=== Section Start ===

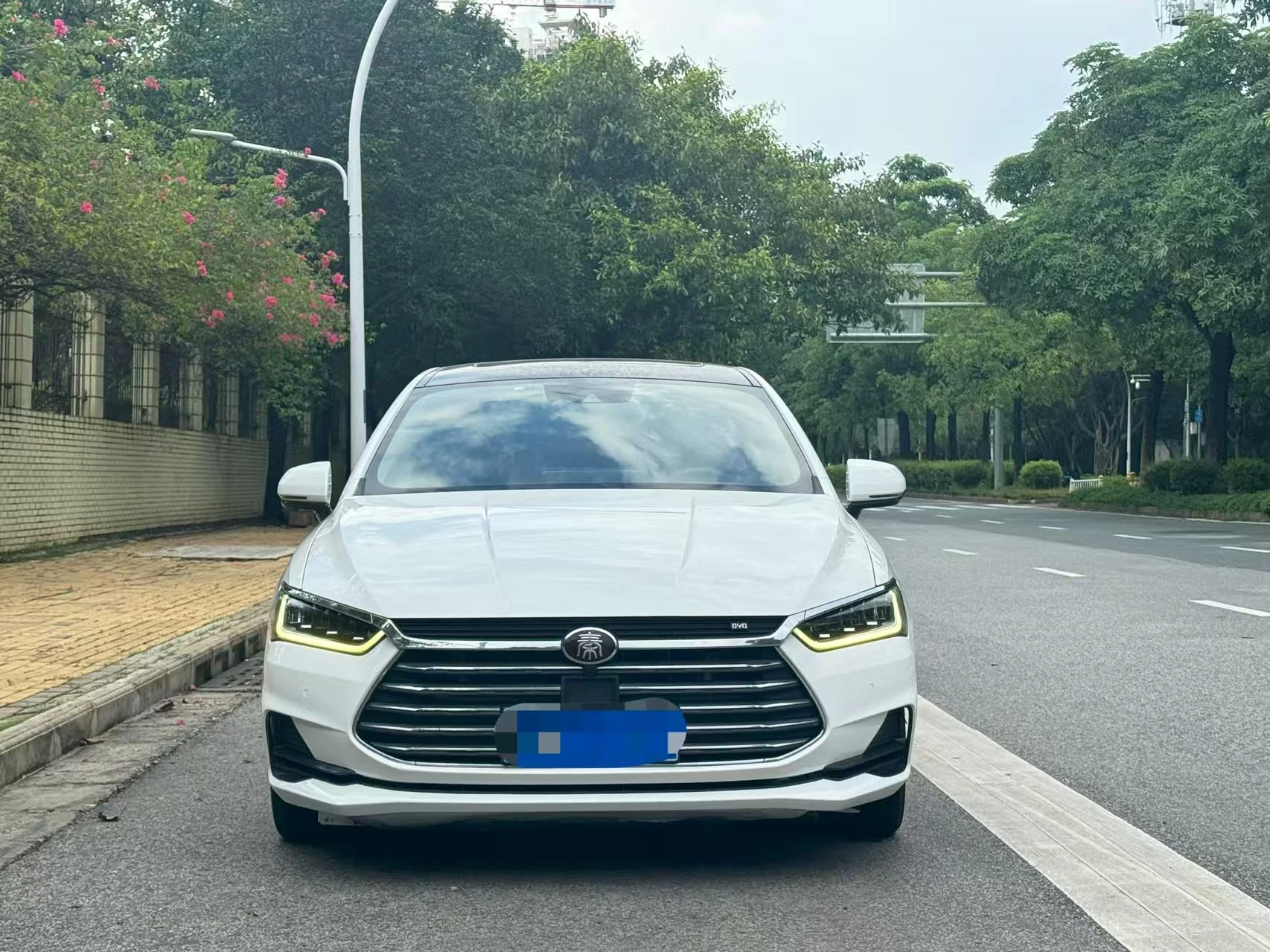 BYD Qin Pro, 2019 — фото 9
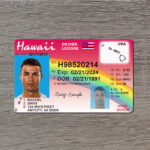 US Hawaii Driver's License USA Driver License Template V1&2&3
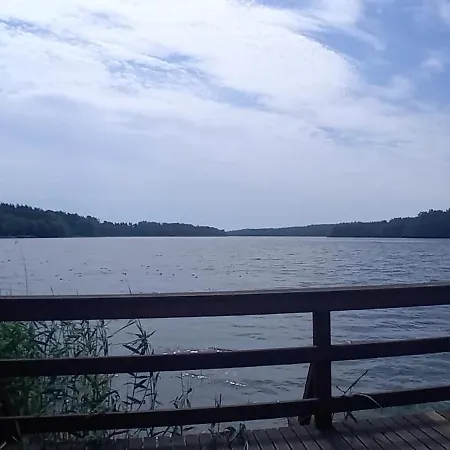 Goscinne Sloneczny Klon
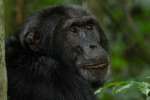 Kibale Chimpanzee Trekking 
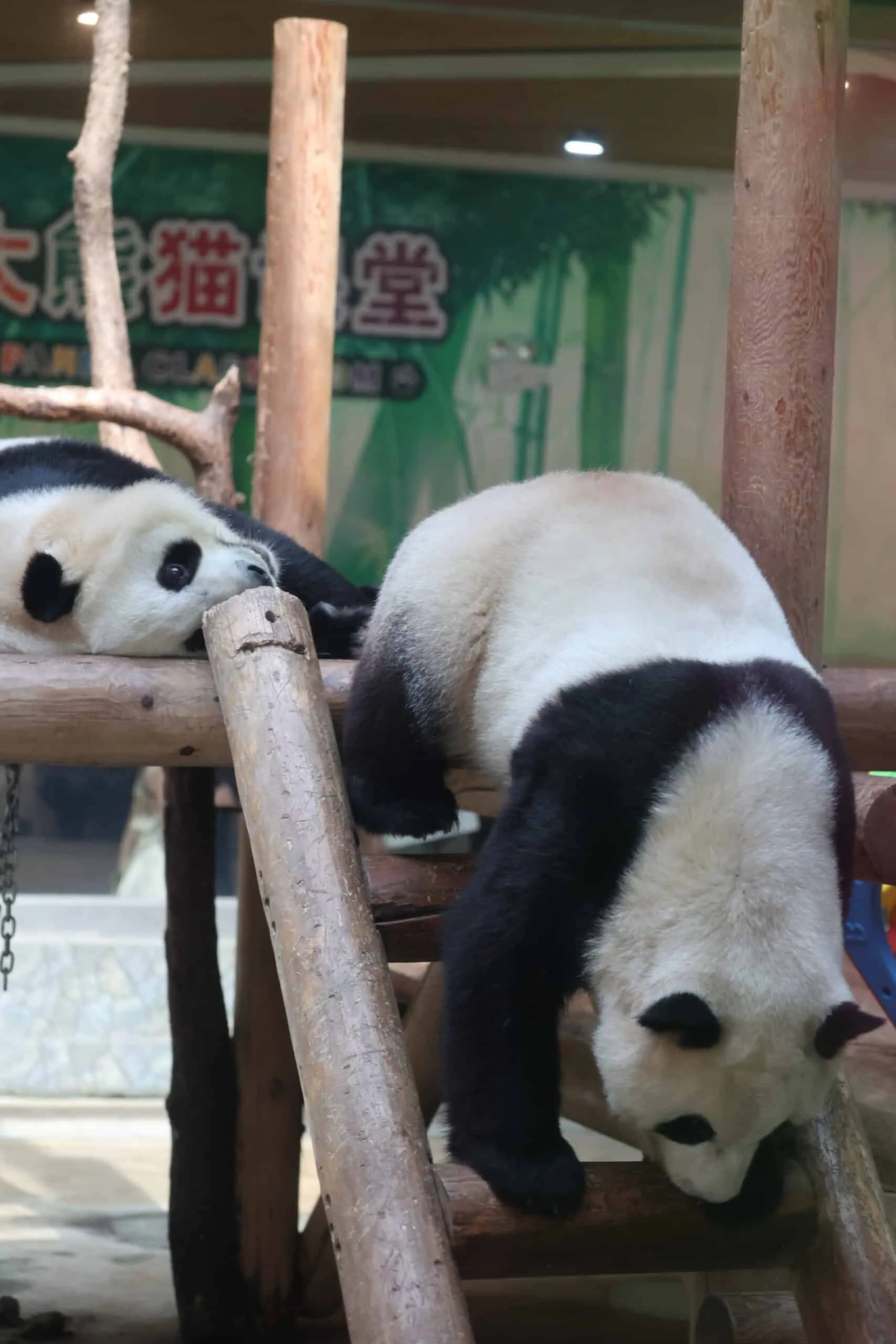 Xi'an Qinling Wild Animal Park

=== Section End ===

**EXERCISE AIM:** Word-for-word transcription: the whole listing, with images excluded.

**ANSWER AREA:**
 BYD Qin Pro, 2019 — фото 9
 US Hawaii Driver's License USA Driver License Template V1&2&3
 Goscinne Sloneczny Klon
 Kibale Chimpanzee Trekking 
 Xi'an Qinling Wild Animal Park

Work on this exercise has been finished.